Donald Trump may seem like a vain, thin-skinned strutting idiot who has no business running a candy store, let alone the world’s most powerful nation, but at least 60,000,000 Americans love him unconditionally.  His support has never varied much from around 40%, no matter what he does.   A writer named Adam Serwer put it perfectly, at the top of his piece The Cruelty is the Point:   [3]

President Trump and his supporters find community by rejoicing in the suffering of those they hate and fear. 

Meanwhile, due to the policy of a powerful lobbying group, the voting public can’t even get basic information like how many of our desperate fellow citizens are using a few of their 393,000,000 constitutionally protected guns to blow their own heads off every day (about 65).   The NRA says “nothing to see here” and “UNFAIR!”.   And so it is.

Opinions are like assholes, true, but it would be nice if they were washed once in a while.   Lots of clean water would help, and some soap.  Sunlight, we are told, is the best disinfectant. 

 

 

[1]  I wrote a long, detailed piece on this the last few days, larded with quotations and citing every number I included,  that I was urged to send to the New York Times.   The Grey Debutante has two business days left to tell me if they’ll run some version of the overwrought piece.  They want an exclusive, so I had to take down the original and rewritten pieces from this blahg, just in case they did a google search.   If I don’t hear back by end of business Friday, I’ll be free repost it here.  And I shall.

2]  The nonprofit Gun Violence Archive has this cryptic statement on its daily ledger of gun deaths:  22,000 Annual Suicides not included on Daily Summary Ledger.  

{3]  The article ends with this beautiful, horrific paragraph:

Trump’s only true skill is the con; his only fundamental belief is that the United States is the birthright of straight, white, Christian men, and his only real, authentic pleasure is in cruelty.
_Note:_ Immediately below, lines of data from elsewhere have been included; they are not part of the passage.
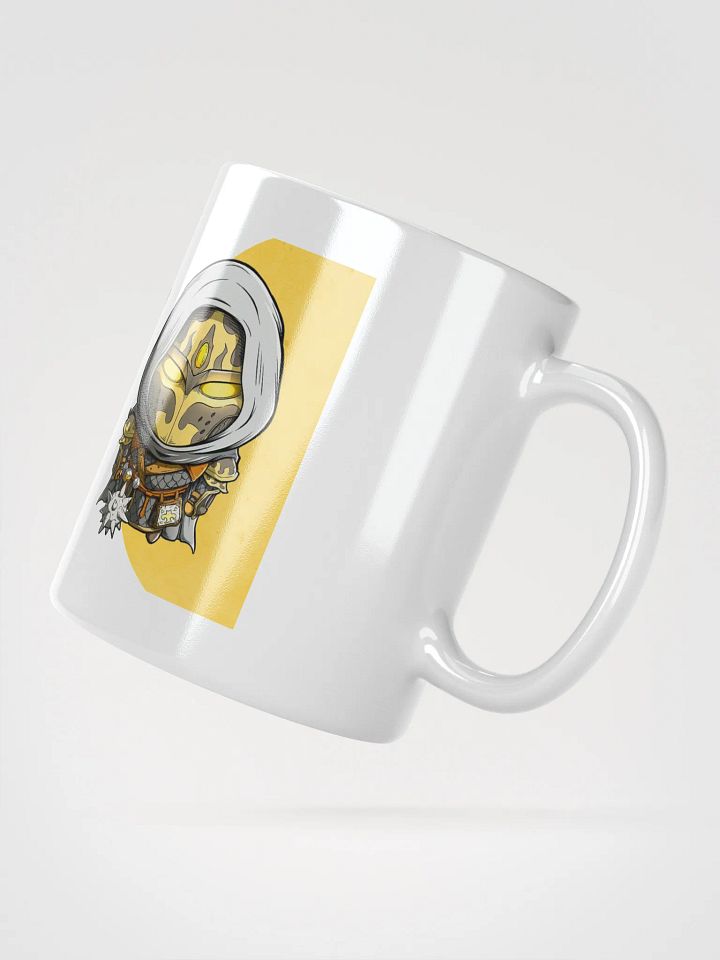 Mug Clerc Certified product image (2)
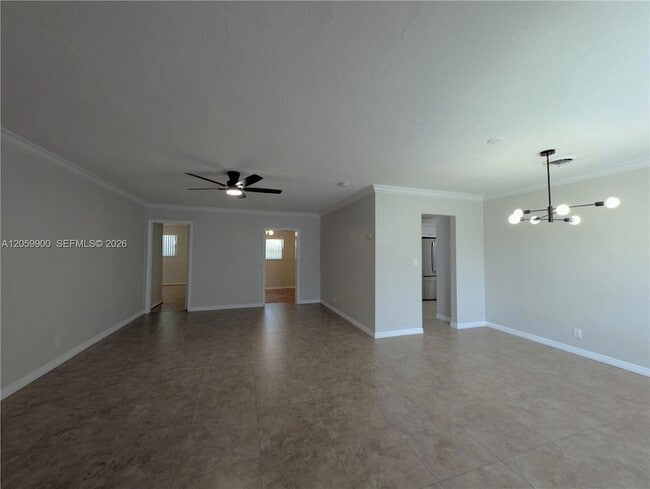 Building Photo - 5821 NW 12th Ct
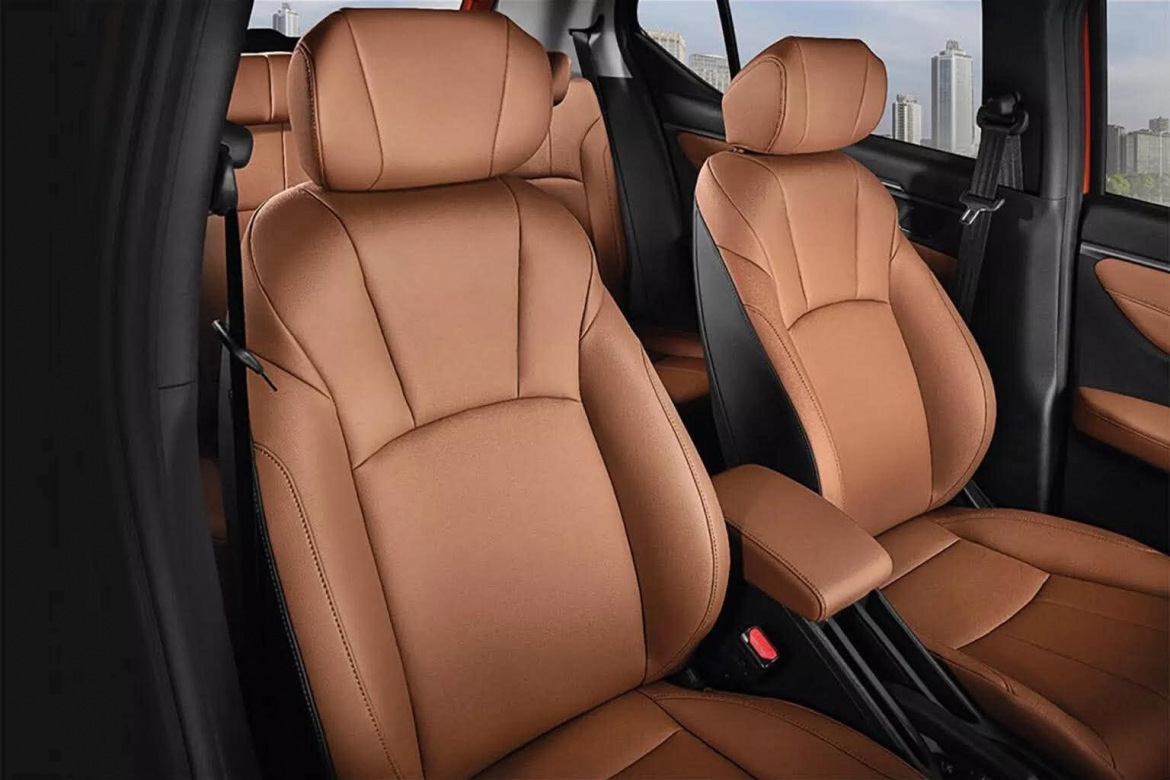 honda elevate sap duoc nang cap, thiet ke moi ham ho hon hinh anh 6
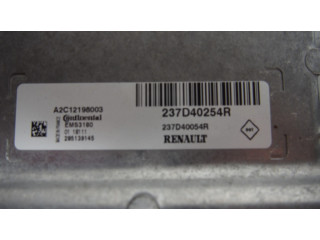 Блок управления двигателем ECU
It is that cruelty, and the delight it brings them, that binds his most ardent supporters to him, in shared scorn for those they hate and fear: immigrants, black voters, feminists, and treasonous white men who empathize with any of those who would steal their birthright. The president’s ability to execute that cruelty through word and deed makes them euphoric. It makes them feel good, it makes them feel proud, it makes them feel happy, it makes them feel united. And as long as he makes them feel that way, they will let him get away with anything, no matter what it costs them.